Page:Sue - Les Fils de famille (1856).djvu/574

Le texte de cette page a été corrigé et est conforme au fac-similé.

— Maurice Dumirail ?

— Oui. Mais, heureusement pour lui et pour moi, je l’ai épargné à la prière d’un homme à qui je dois d’avoir traversé, sans trop de malencontre, les années orageuses de ma jeunesse, et d’être arrivé, ainsi que je le suis, à la maturité de l’âge sans dissiper ma fortune ; moi, témoin de ruines semblables à celle de Maurice Dumirail.

— Votre mentor, mon cher client, ne pouvait choisir un meilleur élève que vous ; car je sais de quelle façon vous régissez votre fortune ; j’affirme que vous êtes un modèle d’ordre et de régularité, bien que vous viviez en grand seigneur.

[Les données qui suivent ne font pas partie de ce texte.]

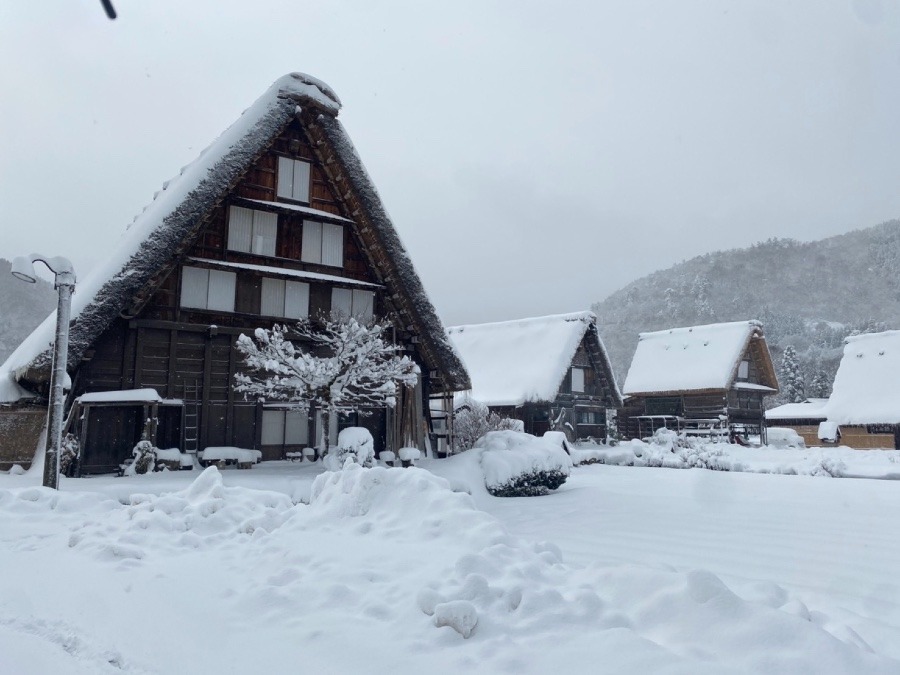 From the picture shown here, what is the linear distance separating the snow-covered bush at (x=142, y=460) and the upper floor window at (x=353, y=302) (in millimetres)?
5234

— Je dois à mon ami Charles Delmare ces excellents principes, dont je ne me suis jamais départi.

— Comment !… Charles Delmare ? ce magnifique prodigue qu’on appelait le beau Delmare, et qui éblouissait Paris de son faste, il y a de longues années ?…

— Lui-même.

— Ah çà ! mais ce merveilleux professeur d’économie domestique s’est ruiné, dit-on, comme un sot !

— Que voulez-vous, cher monsieur Thibaut ! ne voit-on pas les professeurs de philosophie, ces docteurs en sagesse, commettre souvent d’énormes folies ? Mais, du moins, Charles Delmare, s’il a perdu sa fortune, a conservé son honneur. Je ne connais pas de caractère plus noble, plus généreux que le sien.

— Et qu’est-il devenu, cet ex-beau ?

Il est retourné dans sa solitude, d’où il était sorti momentanément lors de l’arrivée de Maurice Dumirail à Paris, dans l’espoir de sauvegarder ce jeune homme des entraînements de son âge…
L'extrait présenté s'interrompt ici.